Reproduce word for word the lines between those holding "5(6)-羧基荧光素 N-琥珀酰亚胺酯" and "Images EcoGuard Pest Control", inclusive, and nothing else from the data below.

*** Provided information

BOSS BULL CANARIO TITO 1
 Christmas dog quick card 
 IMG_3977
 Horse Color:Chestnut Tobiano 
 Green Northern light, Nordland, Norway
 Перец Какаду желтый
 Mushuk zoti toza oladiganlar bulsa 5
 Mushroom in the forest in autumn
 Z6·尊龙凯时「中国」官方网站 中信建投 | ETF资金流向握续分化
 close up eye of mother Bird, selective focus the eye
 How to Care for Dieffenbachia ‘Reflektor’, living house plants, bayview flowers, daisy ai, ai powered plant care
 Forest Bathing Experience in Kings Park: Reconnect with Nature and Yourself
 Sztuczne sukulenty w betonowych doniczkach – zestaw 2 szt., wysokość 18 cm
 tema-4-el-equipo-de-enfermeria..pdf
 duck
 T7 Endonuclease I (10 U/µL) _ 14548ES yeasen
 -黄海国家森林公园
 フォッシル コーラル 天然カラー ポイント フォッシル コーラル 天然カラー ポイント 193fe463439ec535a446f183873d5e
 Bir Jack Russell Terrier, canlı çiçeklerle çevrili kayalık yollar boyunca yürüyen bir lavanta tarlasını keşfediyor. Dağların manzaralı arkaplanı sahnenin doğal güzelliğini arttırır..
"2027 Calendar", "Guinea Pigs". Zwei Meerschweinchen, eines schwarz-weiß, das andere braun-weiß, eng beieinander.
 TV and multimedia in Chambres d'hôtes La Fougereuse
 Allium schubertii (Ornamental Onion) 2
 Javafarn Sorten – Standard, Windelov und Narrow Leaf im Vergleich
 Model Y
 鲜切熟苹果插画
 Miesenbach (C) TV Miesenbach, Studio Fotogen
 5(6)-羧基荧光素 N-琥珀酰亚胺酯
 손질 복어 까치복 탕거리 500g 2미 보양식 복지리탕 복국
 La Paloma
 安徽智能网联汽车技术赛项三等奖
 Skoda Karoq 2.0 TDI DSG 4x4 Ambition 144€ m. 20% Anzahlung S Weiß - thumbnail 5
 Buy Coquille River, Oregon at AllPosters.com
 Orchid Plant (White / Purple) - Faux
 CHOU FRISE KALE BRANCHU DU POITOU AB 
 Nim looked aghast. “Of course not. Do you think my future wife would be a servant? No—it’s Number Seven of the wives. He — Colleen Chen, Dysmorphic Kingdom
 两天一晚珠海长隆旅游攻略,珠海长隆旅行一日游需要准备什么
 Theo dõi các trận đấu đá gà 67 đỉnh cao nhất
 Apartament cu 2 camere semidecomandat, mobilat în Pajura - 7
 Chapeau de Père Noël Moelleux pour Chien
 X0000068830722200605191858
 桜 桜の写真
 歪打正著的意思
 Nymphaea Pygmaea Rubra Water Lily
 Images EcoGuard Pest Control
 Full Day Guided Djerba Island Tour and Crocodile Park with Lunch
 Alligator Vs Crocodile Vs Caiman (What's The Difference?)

******

Result below =>
 5(6)-羧基荧光素 N-琥珀酰亚胺酯
 손질 복어 까치복 탕거리 500g 2미 보양식 복지리탕 복국
 La Paloma
 安徽智能网联汽车技术赛项三等奖
 Skoda Karoq 2.0 TDI DSG 4x4 Ambition 144€ m. 20% Anzahlung S Weiß - thumbnail 5
 Buy Coquille River, Oregon at AllPosters.com
 Orchid Plant (White / Purple) - Faux
 CHOU FRISE KALE BRANCHU DU POITOU AB 
 Nim looked aghast. “Of course not. Do you think my future wife would be a servant? No—it’s Number Seven of the wives. He — Colleen Chen, Dysmorphic Kingdom
 两天一晚珠海长隆旅游攻略,珠海长隆旅行一日游需要准备什么
 Theo dõi các trận đấu đá gà 67 đỉnh cao nhất
 Apartament cu 2 camere semidecomandat, mobilat în Pajura - 7
 Chapeau de Père Noël Moelleux pour Chien
 X0000068830722200605191858
 桜 桜の写真
 歪打正著的意思
 Nymphaea Pygmaea Rubra Water Lily
 Images EcoGuard Pest Control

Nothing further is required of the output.